The table finder finds planes in the scene and segments out the objects on top of it. This part of this method can be useful in itself if you need the clusters as a pre-processing step for other object recognition techniques or if raw clusters are enough for you (for robot grasping for example).
To launch the pipeline, simply execute execute the following
./detection -c ${PATH_TO_YOUR_TABLETOP_FOLDER}/conf/detection.table.ork
rosrun object_recognition_ros server -c `rospack find object_recognition_tabletop`/conf/detection.table.ork
In ROS mode, several topics are published:
- a MarkerArray.msg for the clusters found on the planes as /tabletop/clusters
- a Table.msg for the different tables (the RViz ork plugin can help visualize those)
The part of the pipeline that recognizes objects functions as follows: it takes the clusters segmented from the previous stage, finds possible candidates in the database and then tries to match their meshes to the observed clusters during the final ICP step.
To perform these tasks tabletop relies the following assumptions:
- the objects are resting on a table, which is the dominant plane in the scene
- the minimum distance between two objects exceeds a given threshold (3cm in the demo)
- in addition, object recognition can only handle 2 degrees of freedom: translation along the X and Y axes (with the Z axis assumed to be pointing “up” relative to the table).
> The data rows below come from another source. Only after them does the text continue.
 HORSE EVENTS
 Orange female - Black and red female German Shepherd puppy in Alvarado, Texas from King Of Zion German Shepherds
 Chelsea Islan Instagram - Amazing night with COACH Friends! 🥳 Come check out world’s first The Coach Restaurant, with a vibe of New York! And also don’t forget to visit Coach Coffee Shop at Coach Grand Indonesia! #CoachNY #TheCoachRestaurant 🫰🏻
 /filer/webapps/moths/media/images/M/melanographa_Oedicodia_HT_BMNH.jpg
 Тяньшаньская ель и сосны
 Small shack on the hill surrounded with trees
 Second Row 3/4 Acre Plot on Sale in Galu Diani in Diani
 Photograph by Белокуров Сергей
Therefore, in order to recognize an object:
- it must be rotationally symmetric
- it must have a known orientation, such as a glass or a bowl sitting “upright” on the table.
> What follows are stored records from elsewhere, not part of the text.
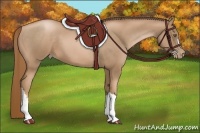 Horse Color:Liver Chestnut Pearl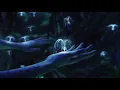 Download Lagu Night Time on Pandora: Ambience from Avatar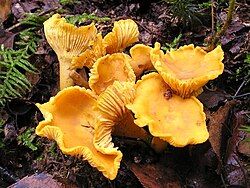 Jamur Chanterelle. (Wikipedia)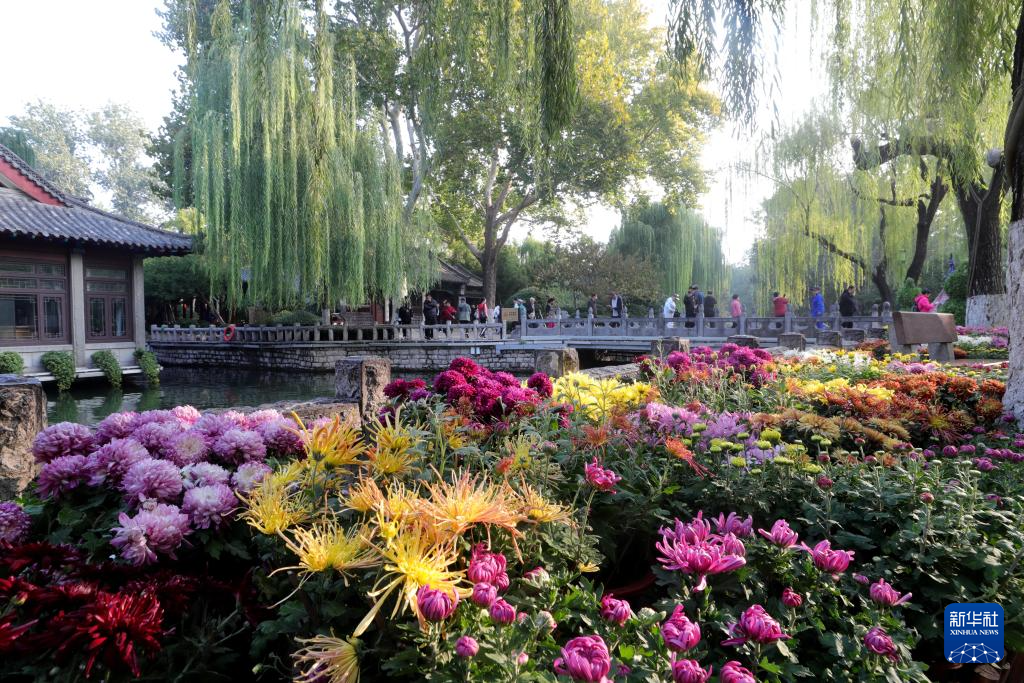 10月26日，游客在山东济南趵突泉公园赏菊。新华社发（于良意摄）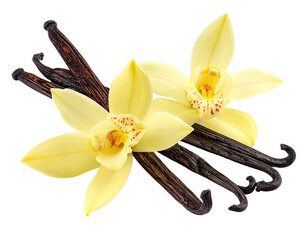 Two delicate yellow orchids nestled amongst dark brown vanilla pods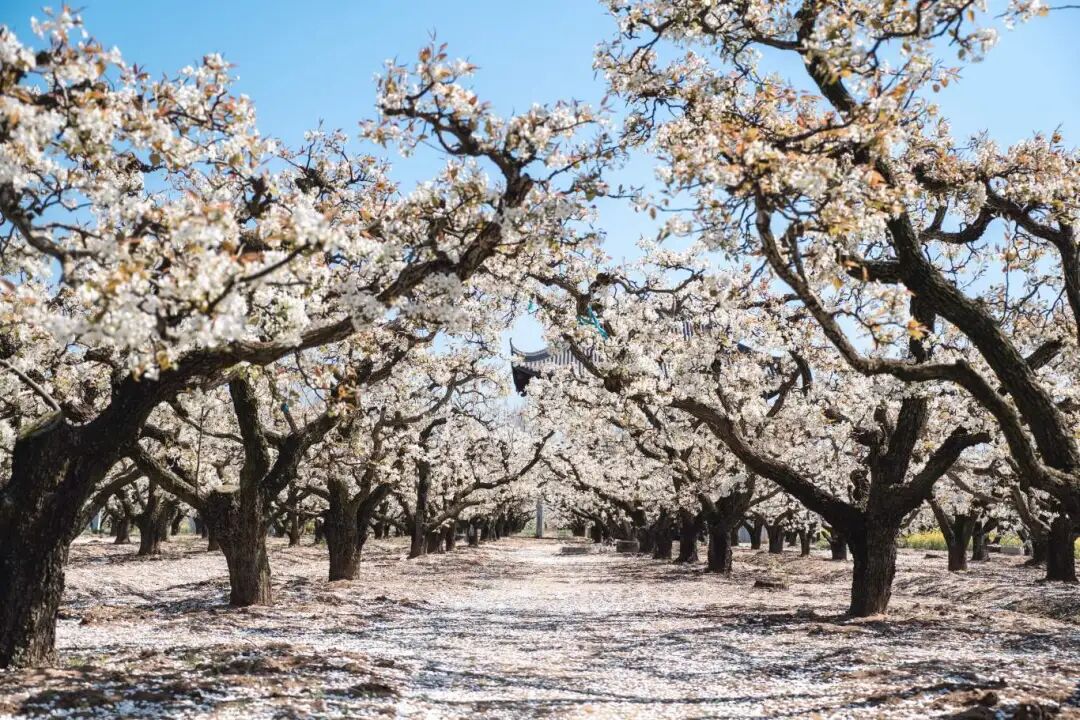大纵湖,盐城文旅,大纵湖文旅,文旅集团,景点,旅游景区 大纵湖,盐城文旅,大纵湖文旅,文旅集团,景点,旅游景区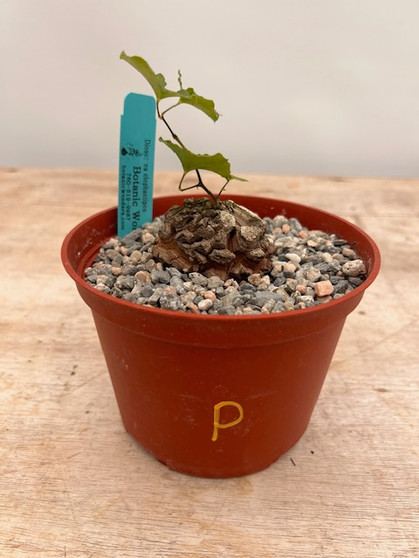Dioscorea elephantipes 6" XL Pot P
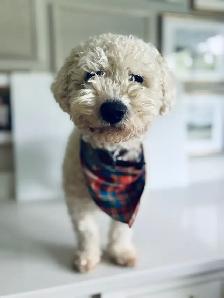 Bichon puppies Registered breeder - Photo 3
The output from this components consists of the location of the table, the identified point clusters, and the corresponding database object id and fitting pose for those clusters found to be similar to database objects.
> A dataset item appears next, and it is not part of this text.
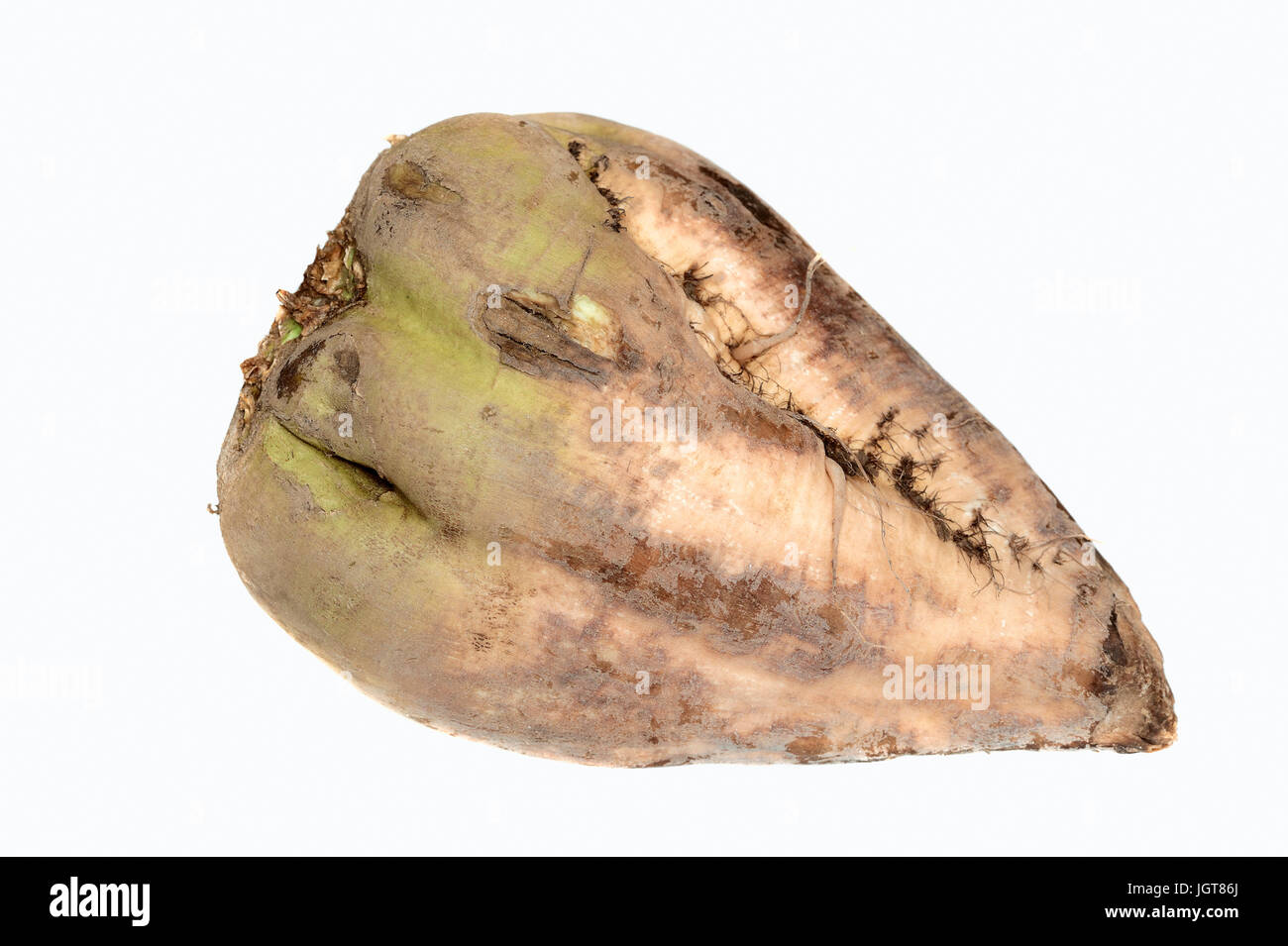 Sugar Beet / (Beta vulgaris ssp. vulgaris var. altissima) | Zuckerruebe Stock Photo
Tabletop uses CouchDB database that contains details about the objects to be recognized. These details include the object id (generated automatically when the object is added to the database), object’s name, object’s author, object’s tags object’s 3D mesh. This 3D mesh will be used by tabletop during its recognition step. Setting up a CouchDB is explained here and managing objects is explained here.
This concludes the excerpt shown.